Plastic bag fee fails to pass Minneapolis City Council

In a 10-2 vote, a proposed ordinance that would charge shoppers a fee of five cents on paper and plastic bags in stores in Minneapolis failed to pass the city council Friday morning. The council sent the ordinance back to city staff for further review.

A proposed plastic bag ban in Minneapolis was killed during the last legislative session. The council voted last year to ban single-use plastic bags and charge fees for other bags. It was set to take effect June 1, but was stopped after a jobs bill passed by the Minnesota State Legislature stripped local governments of the ability to enact bans on plastic bags.

The ordinance would require retailers to charge a five-cent fee on plastic and paper bags, as well as the initial purchase of reusable bags. City leaders said the ordinance is aimed at reducing waste and processing issues at the city’s recycling facility.

“I hope this would allow store operators--and also consumers--to make smarter decisions and realize to protect the environment, we should start bringing our own bag,” said Cam Gordon, chair of the Health, Environment and Community Engagement Committee.

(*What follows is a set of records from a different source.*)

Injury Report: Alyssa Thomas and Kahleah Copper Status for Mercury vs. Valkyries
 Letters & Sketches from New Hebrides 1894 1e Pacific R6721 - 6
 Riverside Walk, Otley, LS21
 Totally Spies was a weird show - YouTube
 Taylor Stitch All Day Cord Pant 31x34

The debate has drawn national interest, with groups from the paper and plastics industries sending representatives to City Hall to discuss the issue with officials.

“It's where the money's going and who it's affecting the most,” said Matt Seaholm, Executive Director of the American Progressive Bag Alliance. “That's what I'm here for and that's why I'm talking about this.”

The Minneapolis bag ordinance would not be a true tax--retailers would be allowed to keep the fees to offset costs. Retailers say paper bags are more expensive to stock than plastic bags.

Both sides also disagree on how effective the ordinance would be in reducing waste. In some cities, waste has gone down. In other cities, such as Austin, Texas, more plastic bags actually made their way through the sanitation system.